Stored data Start Marker

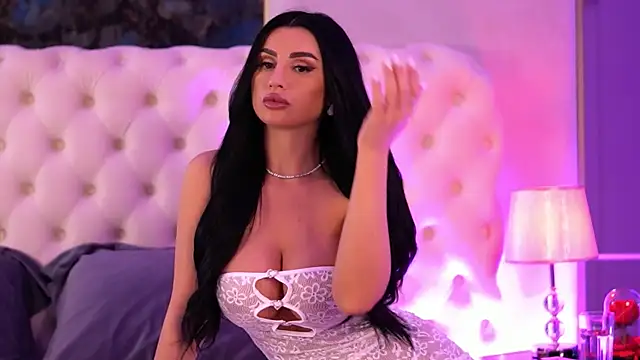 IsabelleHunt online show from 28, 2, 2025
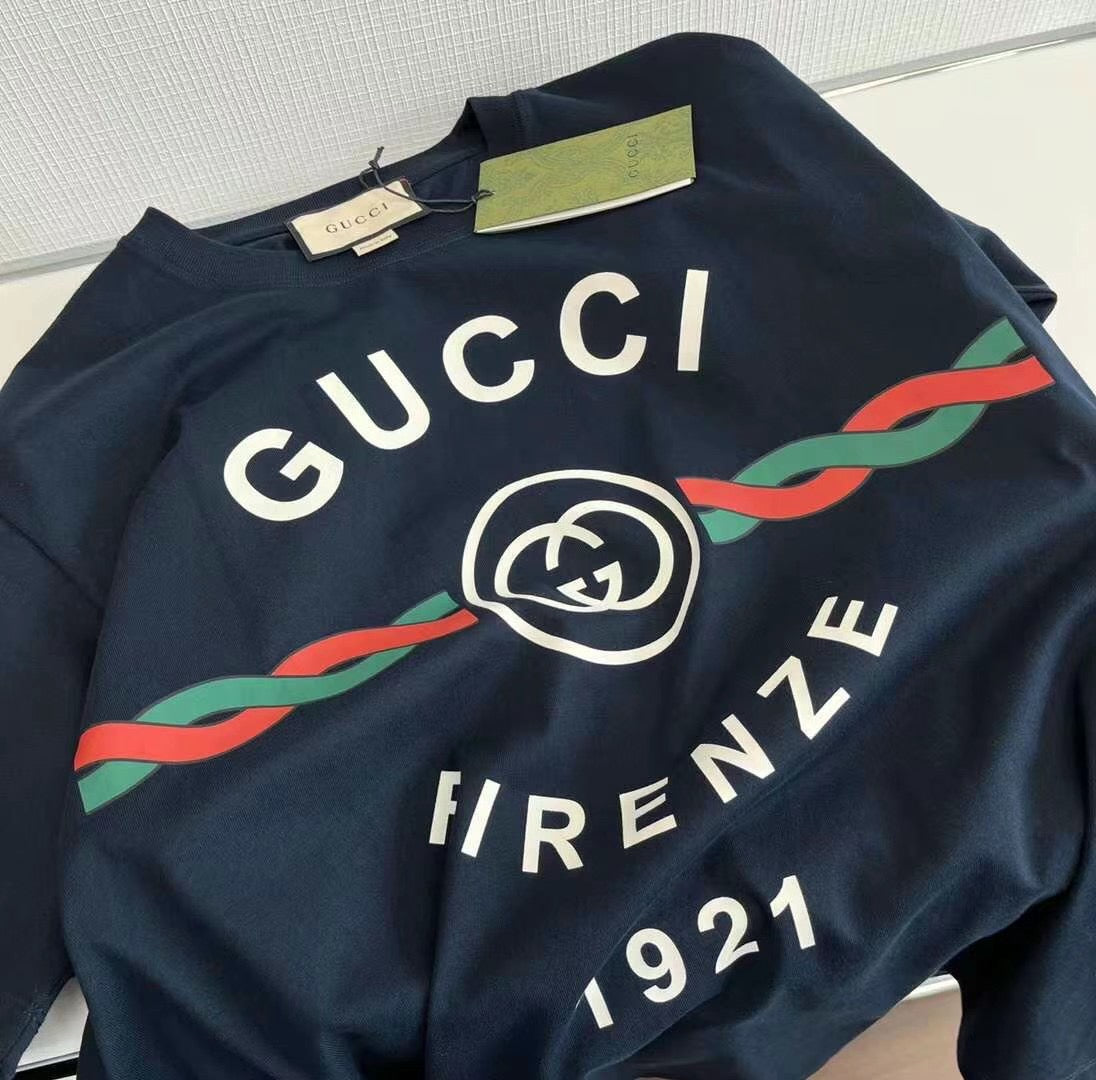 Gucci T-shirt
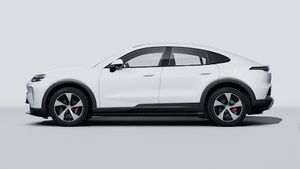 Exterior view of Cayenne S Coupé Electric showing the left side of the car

Stored data End Marker
Stored data Start Marker

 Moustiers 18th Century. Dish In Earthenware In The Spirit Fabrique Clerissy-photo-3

Stored data End Marker

= Exercise directions =
Go to the line above holding "IsabelleHunt online show from 28, 2, 2025", then copy exactly each line down to and including the one holding "Exterior view of", leaving pictures out.

= Solution =
 IsabelleHunt online show from 28, 2, 2025
 Gucci T-shirt
 Exterior view of Cayenne S Coupé Electric showing the left side of the car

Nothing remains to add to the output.